Stored items from a collection
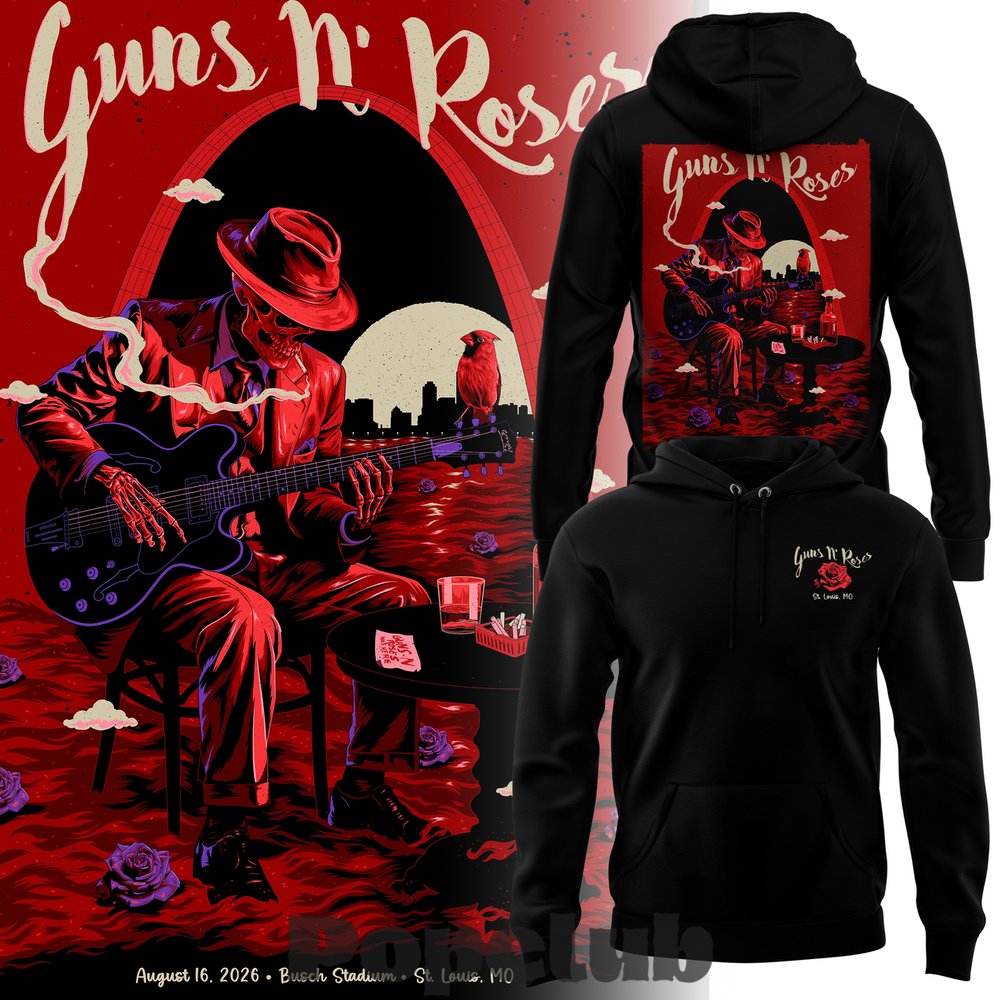 Guns N’ Roses x St. Louis Cardinals 2026 Hoodie Guns N’ Roses x St. Louis Cardinals 2026 Hoodie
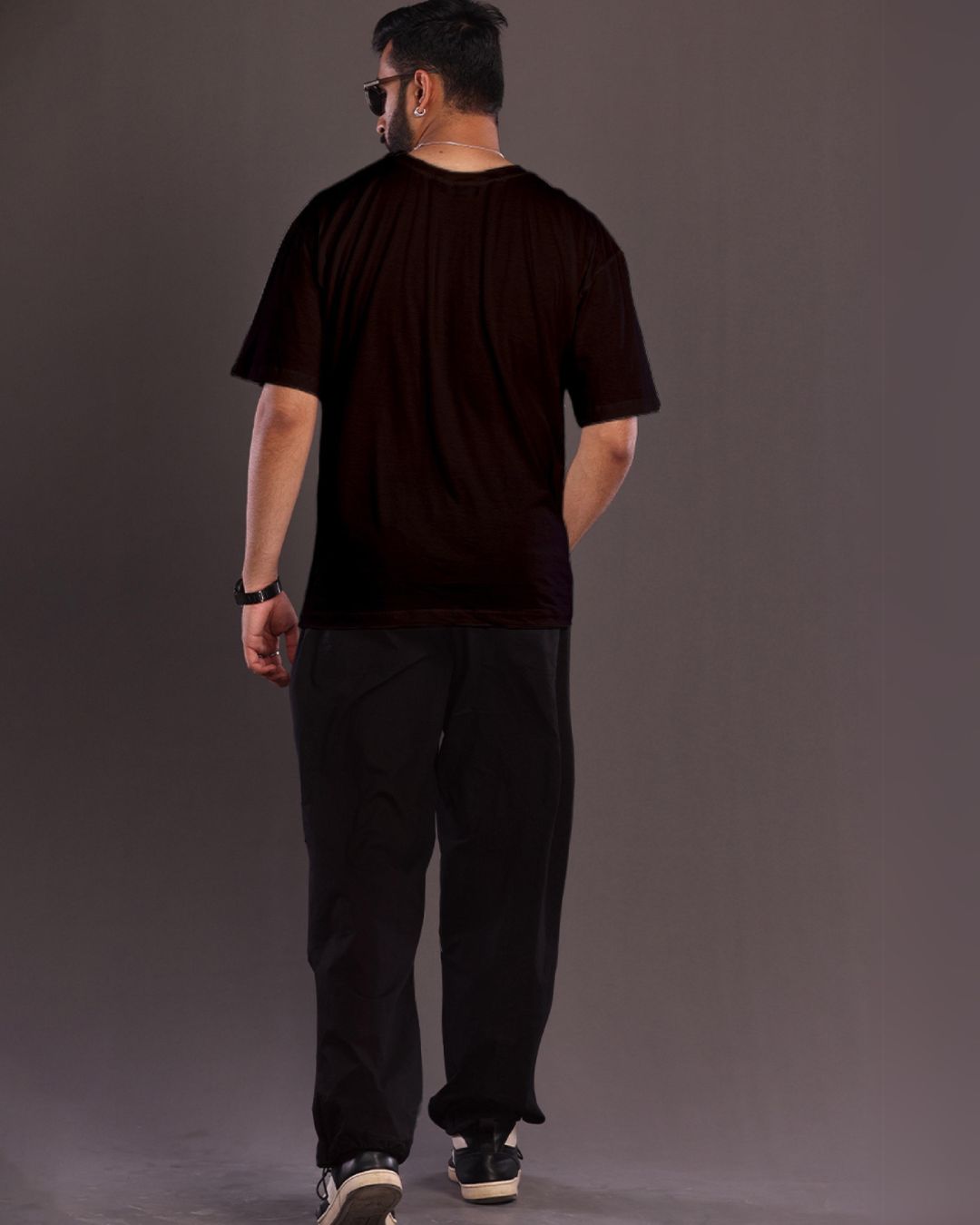 Men's Oversized Black and Black GTA Co Ord Set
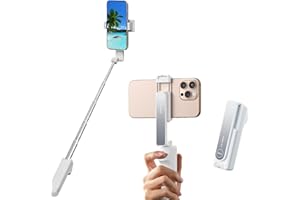 QAUN Selfie Stick Tripod for iPhone,360°Rotation Phone Tripod Stand, Compact Phone Tripod for Photograph, Video Recording, St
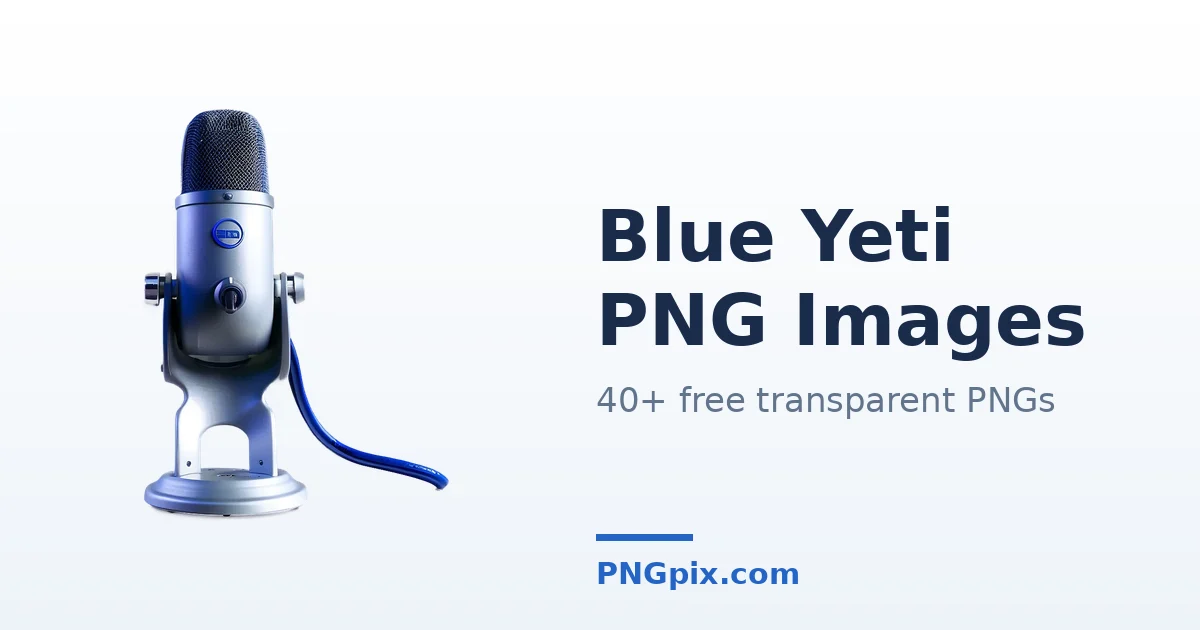 Blue Yeti PNG images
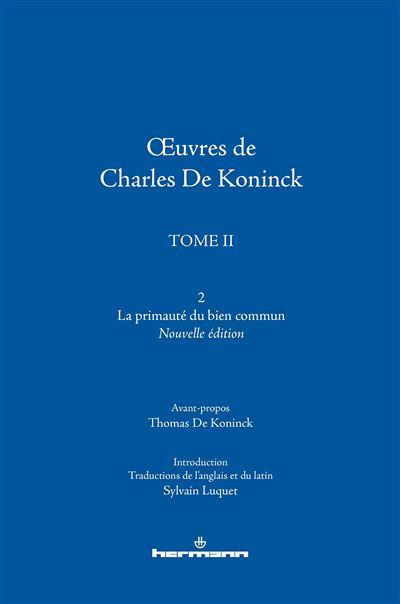 OEuvres de Charles De Koninck - Charles De Koninck - broché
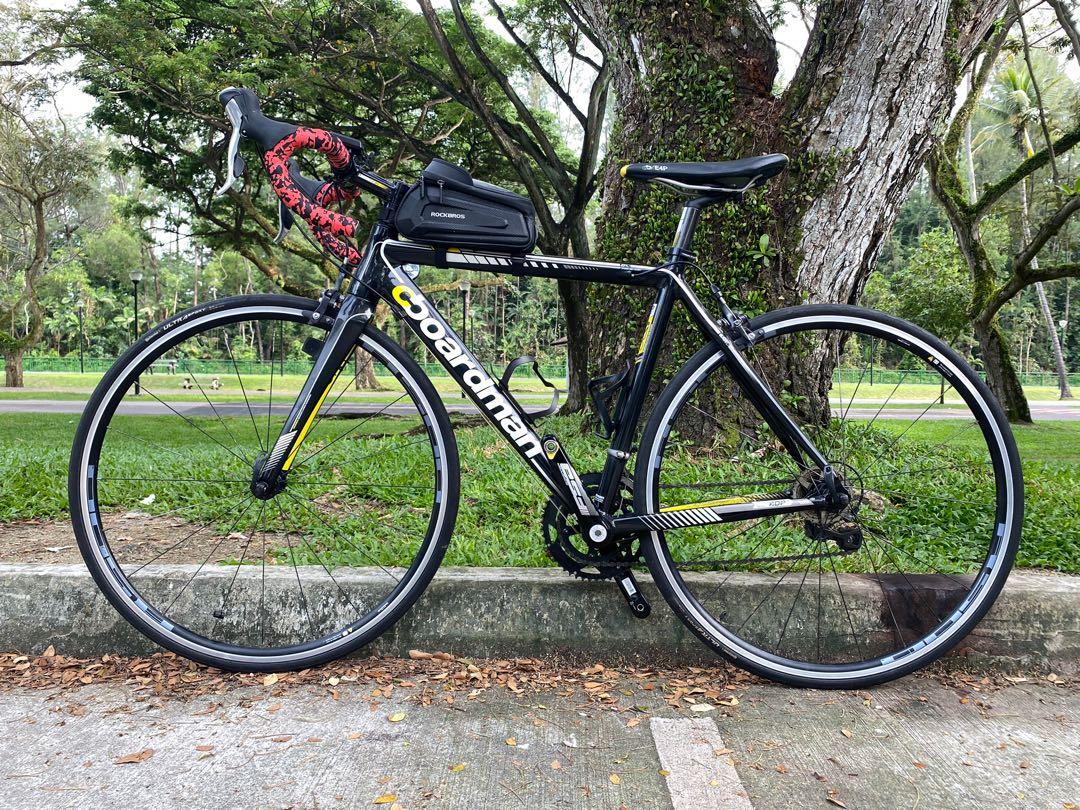 Boardman carbon road bike black and yellow sales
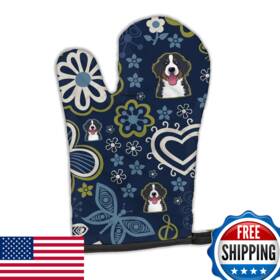 Bb5088ovmt Carolines Treasures B01n09xa34 Blue Flowers Bernese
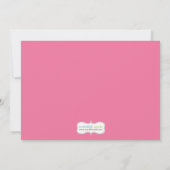 Invitation à la fête d'anniversaire de la boulange (Dos)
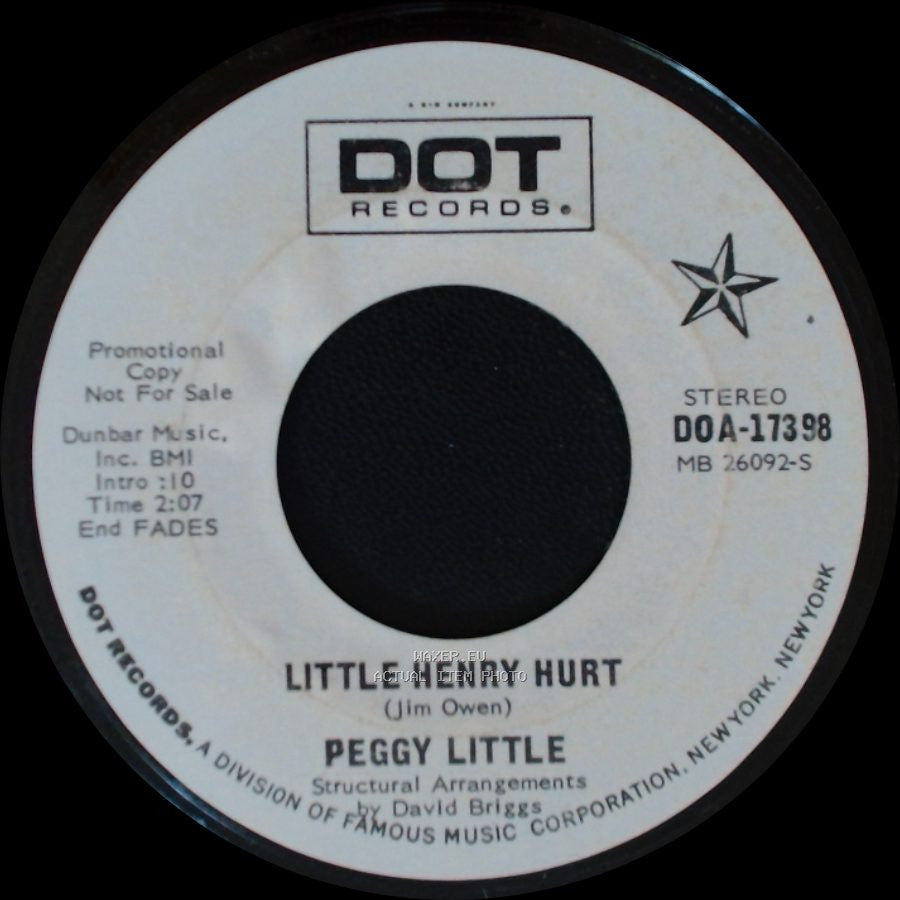 Peggy Little - Goodbye Baby (Lucy) / Little Henry Hurt side B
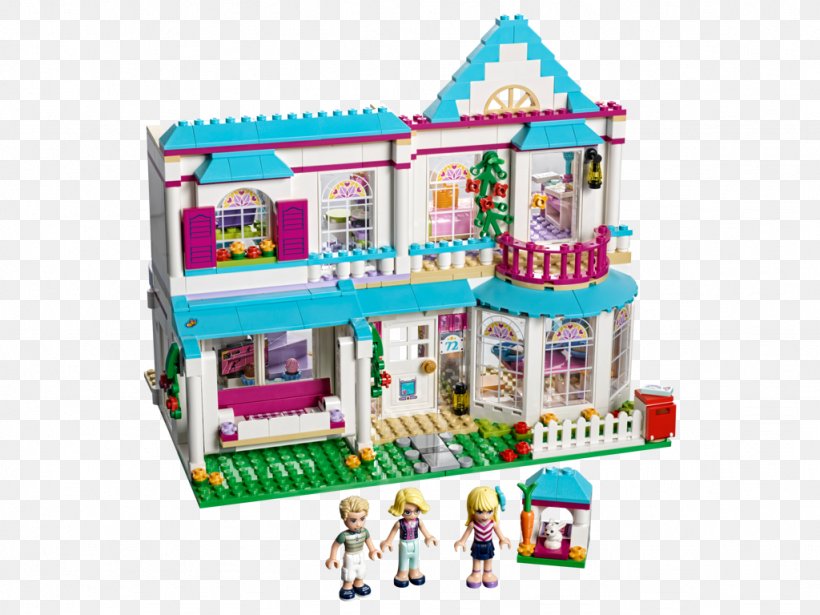 LEGO 41314 Friends Stephanie's House LEGO Friends Amazon.com Toy, PNG, 1024x768px, Watercolor, Cartoon, Flower, Frame, Heart Download Free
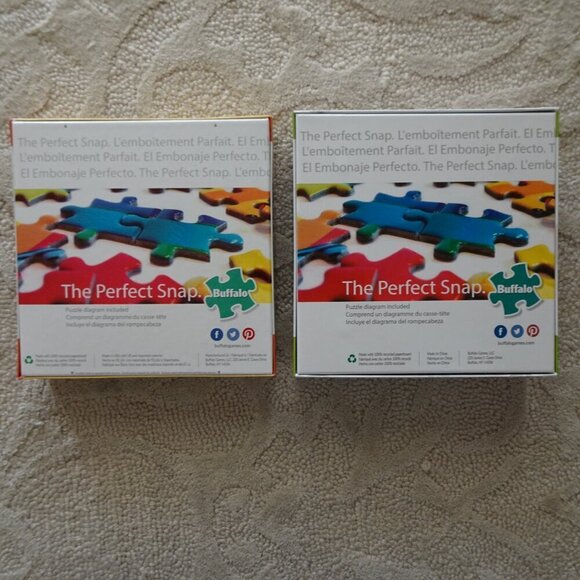 Dog Jigsaw Puzzle SET OF 2 Dog Days 750 Pc & Pet's Virtual Hangout 300 Pc NEW - Picture 6 of 8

§ The problem: Find the line that contains "Invitation à la", then write out that line and every line after it through the end of the records, exactly. Leave the pictures out.

§ Solution for this task:
 Invitation à la fête d'anniversaire de la boulange (Dos)
 Peggy Little - Goodbye Baby (Lucy) / Little Henry Hurt side B
 LEGO 41314 Friends Stephanie's House LEGO Friends Amazon.com Toy, PNG, 1024x768px, Watercolor, Cartoon, Flower, Frame, Heart Download Free
 Dog Jigsaw Puzzle SET OF 2 Dog Days 750 Pc & Pet's Virtual Hangout 300 Pc NEW - Picture 6 of 8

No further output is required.